Northland Capital says a mix of elevated electricity prices, higher load growth and the ongoing El Niño event will boost demand for solar and battery storage across the US and Europe this summer. The firm singled out a basket of preferred stocks in the space, including NYSE:ENPH, NYSE:NXT, NASDAQ:SPWR, NYSE:TYGO and NYSE:TE.
According to Northland, the planet is currently in an El Niño phase that is expected to strengthen into a strong - and possibly historic - super event. The firm noted that El Niño years tend to be the hottest of any decade.
Recent heat has already put pressure on European generation. In the UK, operators of gas-fired plants curtailed output as they struggled to maintain cooling. In France, rising river temperatures forced reductions at nuclear facilities. Those supply impacts, combined with higher natural gas prices that Northland links to the war in Iran, have pushed up electricity costs across Europe.
In the United States, a heat wave affecting the eastern third of the country is expected to bring record highs and is impacting some 142 million people this week, the firm said.

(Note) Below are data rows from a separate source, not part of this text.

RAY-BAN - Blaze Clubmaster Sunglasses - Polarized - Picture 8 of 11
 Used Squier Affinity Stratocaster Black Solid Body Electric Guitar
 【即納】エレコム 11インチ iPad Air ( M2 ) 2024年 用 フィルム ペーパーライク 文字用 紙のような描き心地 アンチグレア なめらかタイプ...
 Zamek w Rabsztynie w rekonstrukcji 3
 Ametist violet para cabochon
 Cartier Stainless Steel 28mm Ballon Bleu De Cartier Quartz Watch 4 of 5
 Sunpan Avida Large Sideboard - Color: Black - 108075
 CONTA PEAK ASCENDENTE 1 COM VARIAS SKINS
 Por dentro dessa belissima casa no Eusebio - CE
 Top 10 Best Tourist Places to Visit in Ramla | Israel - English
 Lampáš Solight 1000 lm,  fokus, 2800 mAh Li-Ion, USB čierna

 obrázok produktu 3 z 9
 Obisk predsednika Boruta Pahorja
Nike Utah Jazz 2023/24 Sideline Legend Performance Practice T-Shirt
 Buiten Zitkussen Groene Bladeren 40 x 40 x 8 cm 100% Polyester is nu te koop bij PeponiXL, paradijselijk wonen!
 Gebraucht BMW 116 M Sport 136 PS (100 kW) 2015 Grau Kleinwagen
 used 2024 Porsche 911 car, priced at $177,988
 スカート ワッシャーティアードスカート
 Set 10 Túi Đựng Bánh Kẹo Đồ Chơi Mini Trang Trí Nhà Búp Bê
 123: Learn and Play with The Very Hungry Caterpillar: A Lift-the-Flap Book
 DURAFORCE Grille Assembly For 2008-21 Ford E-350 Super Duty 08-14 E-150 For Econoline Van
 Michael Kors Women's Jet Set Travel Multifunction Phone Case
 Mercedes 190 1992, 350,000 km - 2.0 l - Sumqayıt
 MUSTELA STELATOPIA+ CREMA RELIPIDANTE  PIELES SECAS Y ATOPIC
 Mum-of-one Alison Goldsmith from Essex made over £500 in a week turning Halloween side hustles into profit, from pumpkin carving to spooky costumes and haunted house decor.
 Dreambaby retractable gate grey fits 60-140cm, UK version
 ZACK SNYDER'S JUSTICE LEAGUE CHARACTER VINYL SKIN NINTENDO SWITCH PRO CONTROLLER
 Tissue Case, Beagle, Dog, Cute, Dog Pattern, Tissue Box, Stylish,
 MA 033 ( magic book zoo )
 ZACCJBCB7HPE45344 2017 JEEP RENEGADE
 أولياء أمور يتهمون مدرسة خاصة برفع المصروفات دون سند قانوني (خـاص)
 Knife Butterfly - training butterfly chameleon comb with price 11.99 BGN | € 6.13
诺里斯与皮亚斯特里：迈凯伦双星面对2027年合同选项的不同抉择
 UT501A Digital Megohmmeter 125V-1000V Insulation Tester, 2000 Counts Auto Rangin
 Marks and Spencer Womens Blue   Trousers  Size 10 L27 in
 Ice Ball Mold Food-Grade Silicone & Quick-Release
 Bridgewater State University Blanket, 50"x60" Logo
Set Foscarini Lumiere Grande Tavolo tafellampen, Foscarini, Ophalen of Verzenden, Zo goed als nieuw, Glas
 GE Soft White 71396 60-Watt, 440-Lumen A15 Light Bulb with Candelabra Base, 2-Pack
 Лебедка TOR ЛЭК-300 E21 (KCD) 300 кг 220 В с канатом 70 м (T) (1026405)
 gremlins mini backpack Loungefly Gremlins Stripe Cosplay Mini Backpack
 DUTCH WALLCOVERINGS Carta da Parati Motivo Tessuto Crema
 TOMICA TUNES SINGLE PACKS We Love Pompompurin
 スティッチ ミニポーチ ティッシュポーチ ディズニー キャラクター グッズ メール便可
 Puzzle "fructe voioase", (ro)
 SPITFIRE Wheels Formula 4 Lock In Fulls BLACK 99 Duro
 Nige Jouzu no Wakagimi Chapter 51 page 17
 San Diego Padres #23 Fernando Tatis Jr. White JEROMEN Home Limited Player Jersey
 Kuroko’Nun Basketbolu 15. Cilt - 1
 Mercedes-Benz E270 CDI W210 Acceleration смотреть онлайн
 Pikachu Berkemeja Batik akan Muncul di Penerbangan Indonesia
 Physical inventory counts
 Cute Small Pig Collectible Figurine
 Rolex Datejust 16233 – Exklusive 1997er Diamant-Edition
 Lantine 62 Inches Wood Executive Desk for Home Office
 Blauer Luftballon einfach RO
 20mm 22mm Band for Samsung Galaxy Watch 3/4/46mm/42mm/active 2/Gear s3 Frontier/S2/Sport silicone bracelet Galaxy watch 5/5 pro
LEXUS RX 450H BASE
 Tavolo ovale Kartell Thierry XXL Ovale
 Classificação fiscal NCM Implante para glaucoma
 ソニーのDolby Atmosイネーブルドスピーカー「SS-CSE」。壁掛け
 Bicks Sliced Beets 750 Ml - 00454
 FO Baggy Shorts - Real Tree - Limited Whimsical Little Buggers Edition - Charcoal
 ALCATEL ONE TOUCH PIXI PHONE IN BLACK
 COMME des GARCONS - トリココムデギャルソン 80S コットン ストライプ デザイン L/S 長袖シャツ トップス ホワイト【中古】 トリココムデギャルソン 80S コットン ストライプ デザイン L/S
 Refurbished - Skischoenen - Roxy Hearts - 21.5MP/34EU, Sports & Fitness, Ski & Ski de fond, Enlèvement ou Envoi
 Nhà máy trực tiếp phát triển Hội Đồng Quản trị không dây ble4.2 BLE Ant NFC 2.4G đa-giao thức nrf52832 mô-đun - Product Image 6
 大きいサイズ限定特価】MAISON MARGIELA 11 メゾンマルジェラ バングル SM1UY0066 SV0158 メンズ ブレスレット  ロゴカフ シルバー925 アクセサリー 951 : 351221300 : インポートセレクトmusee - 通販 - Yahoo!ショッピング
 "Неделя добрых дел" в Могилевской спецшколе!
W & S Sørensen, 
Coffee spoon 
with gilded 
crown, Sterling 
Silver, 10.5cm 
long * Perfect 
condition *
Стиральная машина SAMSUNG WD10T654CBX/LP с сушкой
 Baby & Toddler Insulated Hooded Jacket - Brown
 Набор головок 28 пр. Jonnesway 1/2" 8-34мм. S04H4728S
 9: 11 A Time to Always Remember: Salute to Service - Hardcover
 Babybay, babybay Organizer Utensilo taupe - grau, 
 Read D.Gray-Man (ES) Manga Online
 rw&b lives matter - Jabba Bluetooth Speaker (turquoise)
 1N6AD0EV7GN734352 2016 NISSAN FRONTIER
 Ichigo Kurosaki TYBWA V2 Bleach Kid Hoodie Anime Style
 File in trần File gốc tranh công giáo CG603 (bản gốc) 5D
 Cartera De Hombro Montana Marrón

Beyond weather, Northland highlighted structural drivers for higher electricity consumption in the US. Demand growth tied to data centers, onshoring and broader electrification has lifted overall usage and driven up costs. Northland projects the average summer electricity bill in the US will be $778 per month this summer, an increase of 8.5% from 2025. The firm also pointed out that the average bill has climbed 37% since 2020, representing a compound annual growth rate of 5.4%.
Northland provided a rule-of-thumb for when solar becomes economically compelling without tax incentives: when retail power costs reach between $0.22 and $0.26 per kilowatt-hour. By comparison, the current US average electricity price stands at 18.9 cents per kilowatt-hour, below that range.
The firm identified specific US jurisdictions with retail prices already above those thresholds. States and districts where electricity costs exceed $0.26 per kilowatt-hour include California, Connecticut, Hawaii, New York, Massachusetts, Rhode Island and the District of Columbia. States with retail rates above $0.22 per kilowatt-hour include Alaska, New Hampshire, Maryland, Michigan and Vermont.
In Europe the recent extreme heat has strained grids and driven wholesale prices sharply higher. Northland pointed to an instance in the UK where system operators paid $1.82 per kilowatt-hour to import electricity - roughly 15 times typical day-ahead levels. In Germany, peak prices reached $0.64 per kilowatt-hour last week, about 15 times higher than a year earlier.
As a result of these combined factors - weather-related generation constraints, rising fuel costs and structural load growth - Northland expects an acceleration in demand for solar panels and battery storage solutions across affected markets this summer.